WHAT IS EXPECTED
In your copy, include every entry exactly as written but no pictures.

TASK INPUT section start

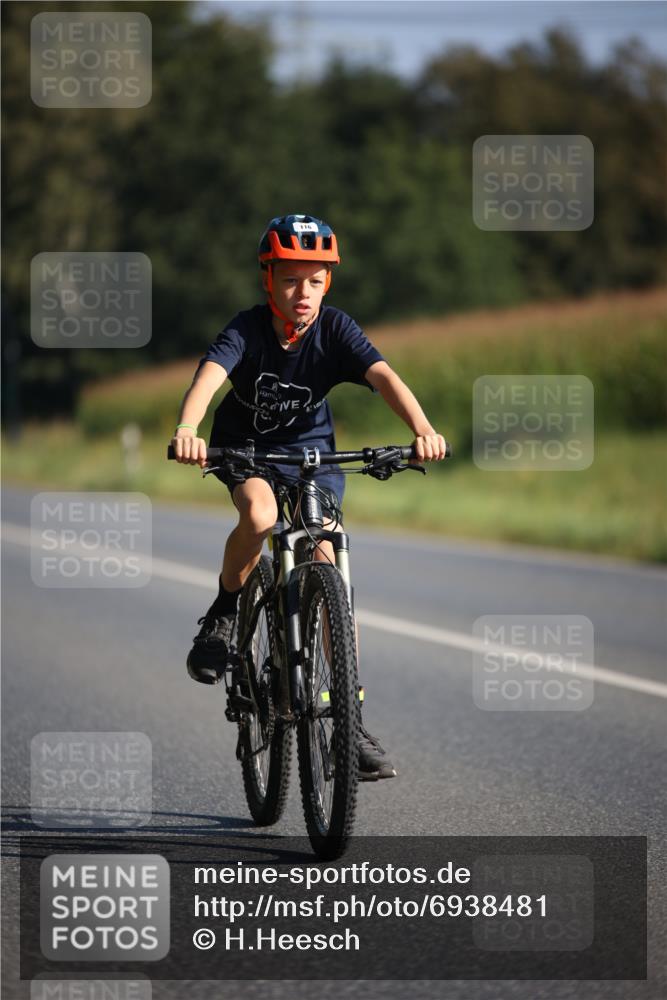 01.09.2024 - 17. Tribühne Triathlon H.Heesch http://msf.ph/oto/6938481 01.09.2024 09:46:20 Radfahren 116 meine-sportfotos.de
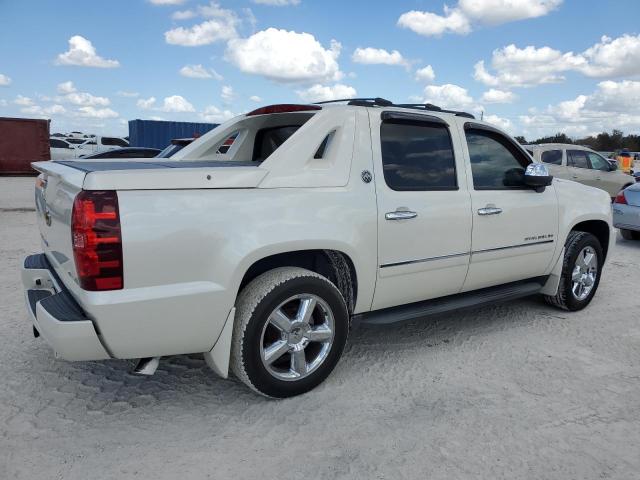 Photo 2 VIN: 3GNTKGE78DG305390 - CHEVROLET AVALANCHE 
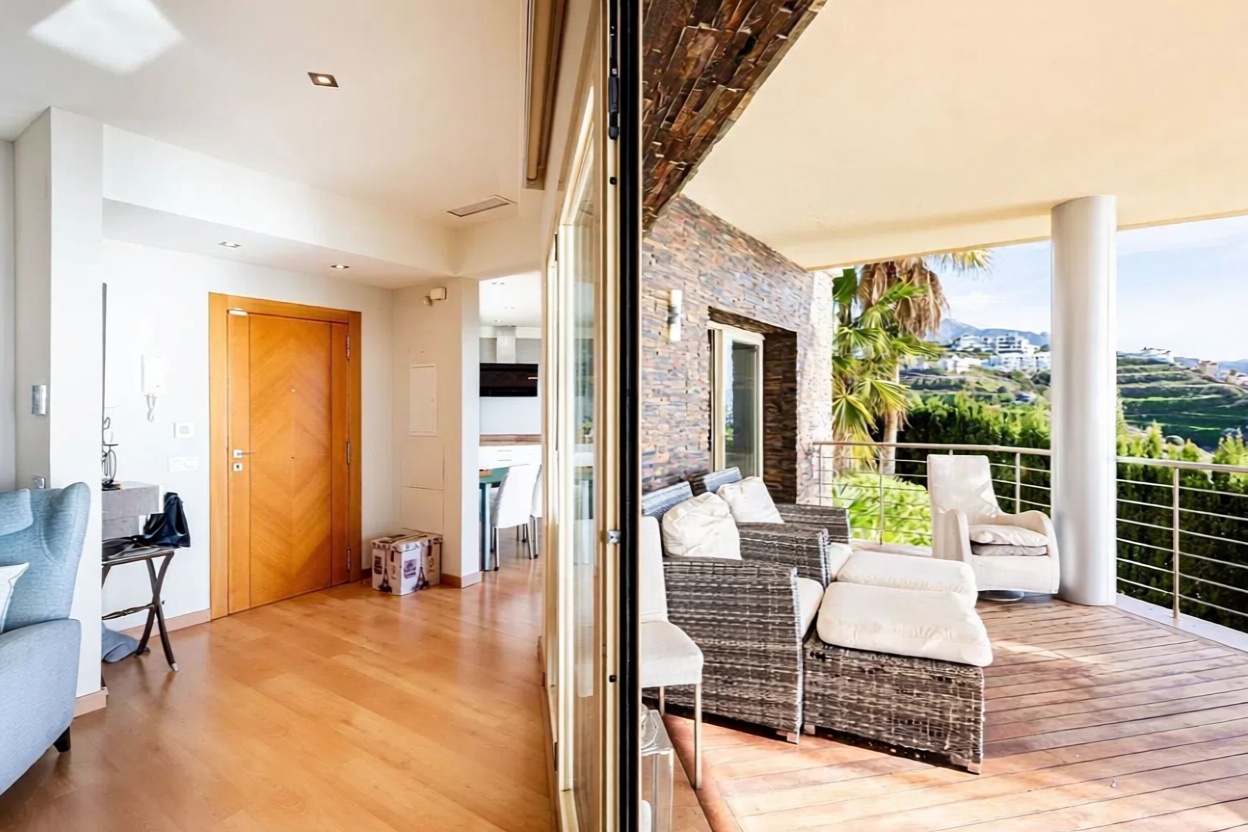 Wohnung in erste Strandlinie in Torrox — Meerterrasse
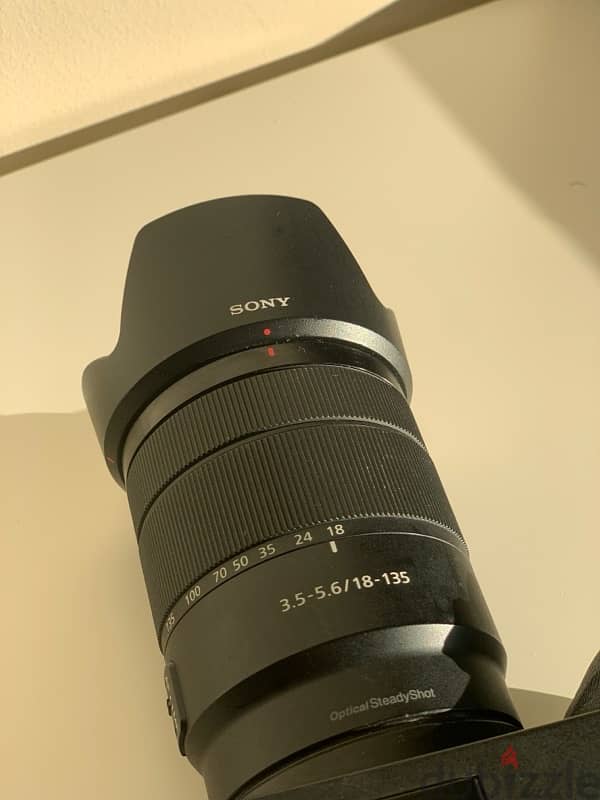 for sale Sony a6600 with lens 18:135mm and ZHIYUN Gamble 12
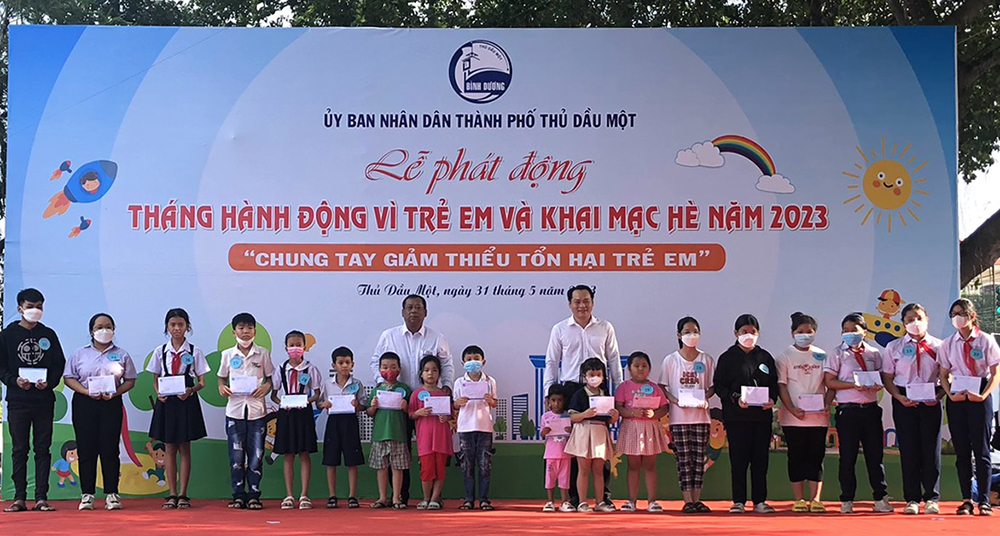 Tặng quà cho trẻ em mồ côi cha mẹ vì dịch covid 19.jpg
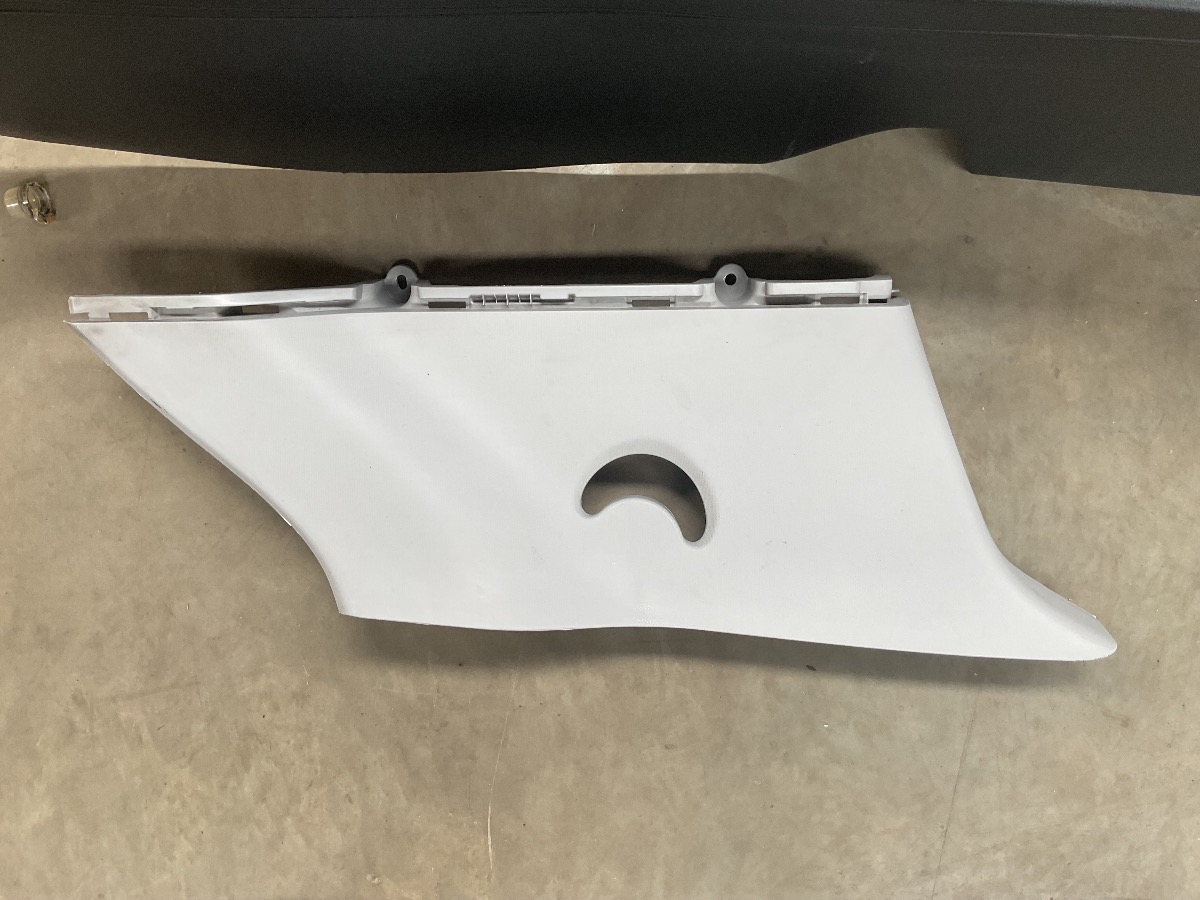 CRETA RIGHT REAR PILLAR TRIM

TASK INPUT section end

OUTPUT OF THE TASK
 01.09.2024 - 17. Tribühne Triathlon H.Heesch http://msf.ph/oto/6938481 01.09.2024 09:46:20 Radfahren 116 meine-sportfotos.de
 Photo 2 VIN: 3GNTKGE78DG305390 - CHEVROLET AVALANCHE 
 Wohnung in erste Strandlinie in Torrox — Meerterrasse
 for sale Sony a6600 with lens 18:135mm and ZHIYUN Gamble 12
 Tặng quà cho trẻ em mồ côi cha mẹ vì dịch covid 19.jpg
 CRETA RIGHT REAR PILLAR TRIM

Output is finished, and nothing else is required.